Anecdotes et Réflexions d'hier pour aujourd'hui Journal 5 Samuel Pepys ( Angleterre )



                                                           Journal

                                                                                                          1er Février 1660

            Ce matin, suis allé au bureau.; le vieil homme m'a apporté les lettres qui étaient arrivées pour moi par la poste. A midi rentrai à la maison et dînai avec ma femme de soupe de pois et rien d'autre. Après cela, me suis rendu au palais de Westminster, y rencontrai Mr Swan et allai avec lui chez l'homme de loi de Mr Downing. Iµl m'a laissé fort peu d'espoir quant au litige qui oppose Mr Downing à Mr Squibb et m'a confié que Squibb allait gagner. Cela m'a beaucoup ennuyé. Je l'ai accompagné jusqu'à Lincoln's Inn où nous nous sommes entretenus avec son avocat qui m'a précisé le jour fixé pour l'audience. De là je suis allé chez sir Harry Wright. L'ai convaincu de m'aider à récupérer demain les 60 livres que doit me remettre Mr Calthorpe. Je suis ensuite allé voir Mrs Jemima et j'ai parlé avec Madame Scott et son mari. Il a promis de faire faire cette semaine le collier pour son cou. De là à la maison. J'emmenai Gammer East et le portefaix James, un soldat, au logis de milord. Il me raconta qu'aujourd'hui les soldats ont été convoqués sur le terrain de parade et ont reçu l'ordre de partir demain afin de faire place pour le général Monck. Mais ils ont hué leur colonel ( colonel Fitch ) ainsi que les autres officiers et les ont chassés et ils on juré qu'ils ne partiraient pas sans leur solde et que si on refusait de la leur donner ils iraient là où ils avaient des chances d'être payés, c'est-à-dire dans la Cité.
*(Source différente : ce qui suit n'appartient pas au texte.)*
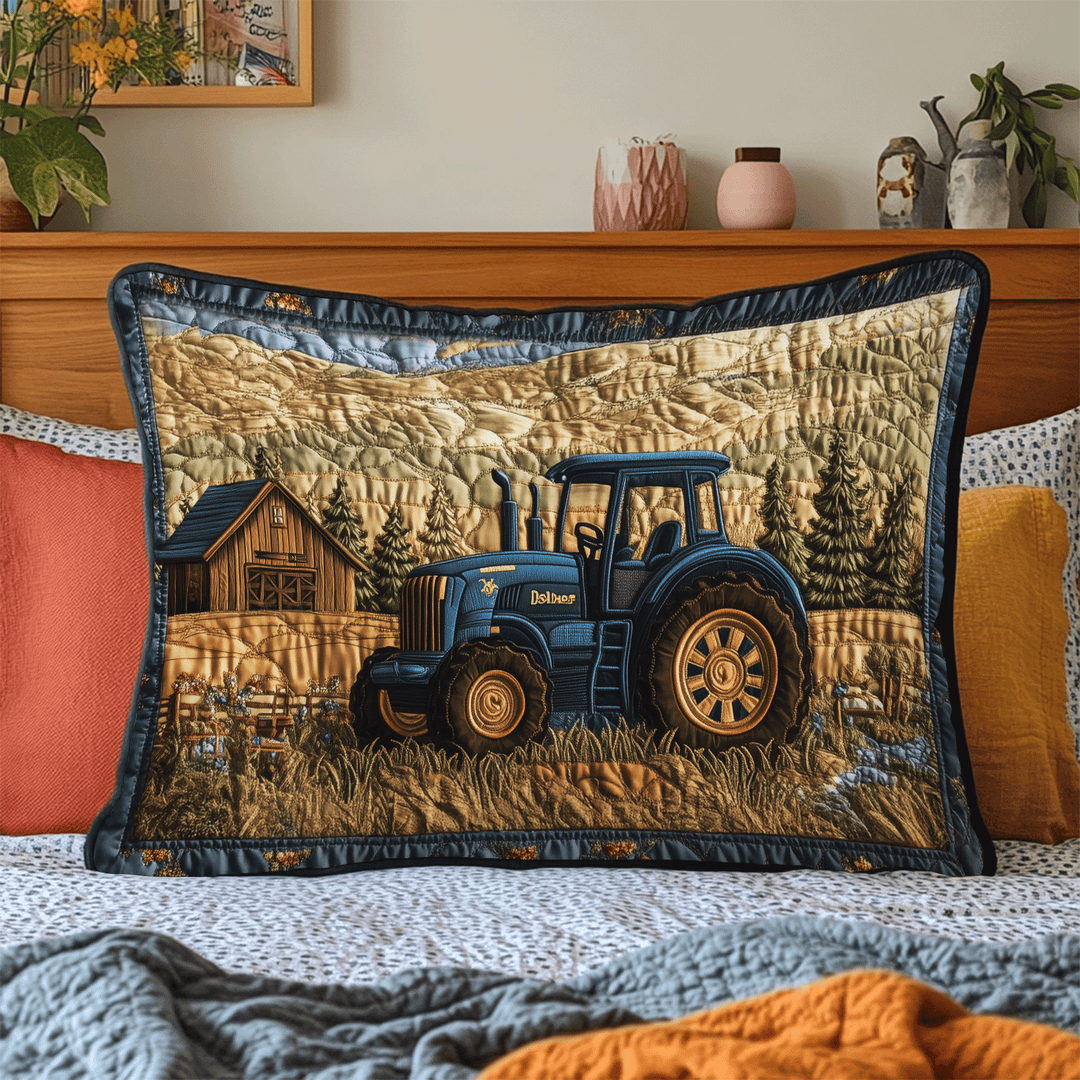 Blauer Traktor Scheune Kissenbezug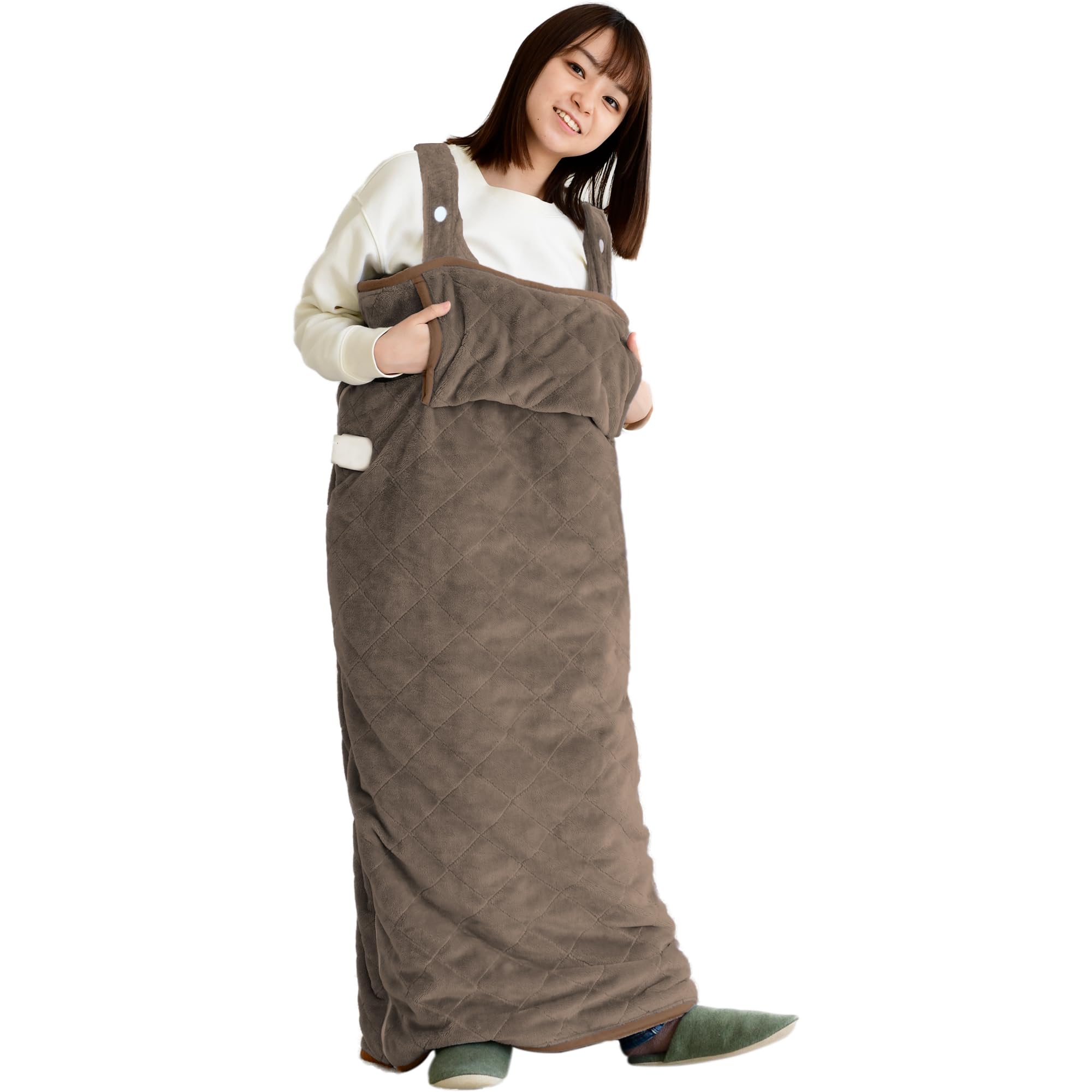 [山善] 電気毛布 着る毛布 着るこたつ メンズ レディース 丸洗い可能 くるみケット ダニ退治機能 室温センサー タイマー付 オートオフ機能 ひざ掛け 掛毛布 敷毛布 YAPP-401AC(BR)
Le Colonel s'en est donc allé au Parlement demander l'argent qu'il était possible de rassembler d'ici demain pour les rebelles et le reste des soldats qui sont cantonnés à Londres et qui, dans tous les coins se sont mutinés aujourd'hui et sont tous tombés d'accord. Au logis de milord je pris des draps et des couvertures que je fis porter à Mrs Ann, pour lui faire un bon lit maintenant qu'elle a des accès de fièvre. Je me rendis ensuite chez Will où je m'attardai comme un sot à jouer aux cartes jusqu'à 9 heures du soir.Puis je rentrai à la maison où je trouvai Mr Hunt et sa femme qui restèrent bavarder avec jusqu'à 10 heures : puis bonsoir.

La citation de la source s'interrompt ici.